(PROVIDED RECORDS begins)

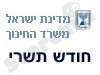 משרד החינוך - ראש השנה 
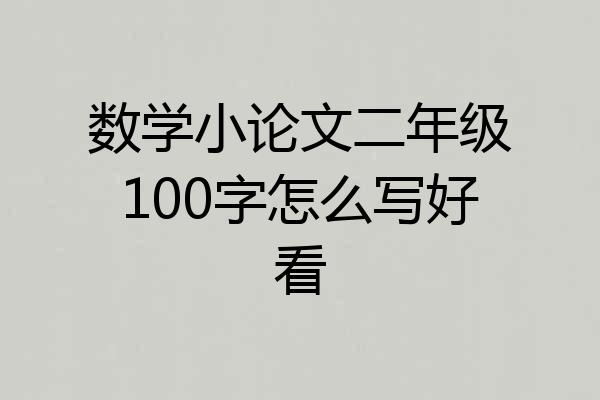 数学小论文二年级100字怎么写好看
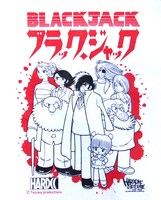 「The SL Called Life」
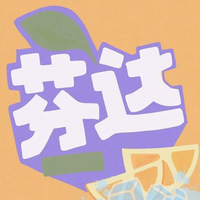 初醉的底線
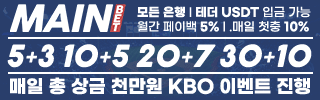 메인벳 평생주소 가입코드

(PROVIDED RECORDS ends)

#### EXERCISE PROMPT:
With the pictures left out, copy exactly the lines from the one containing "数学小论文二年级100字怎么写好看" through the last line of the data.

#### YOUR RESPONSE:
 数学小论文二年级100字怎么写好看
 「The SL Called Life」
 初醉的底線
 메인벳 평생주소 가입코드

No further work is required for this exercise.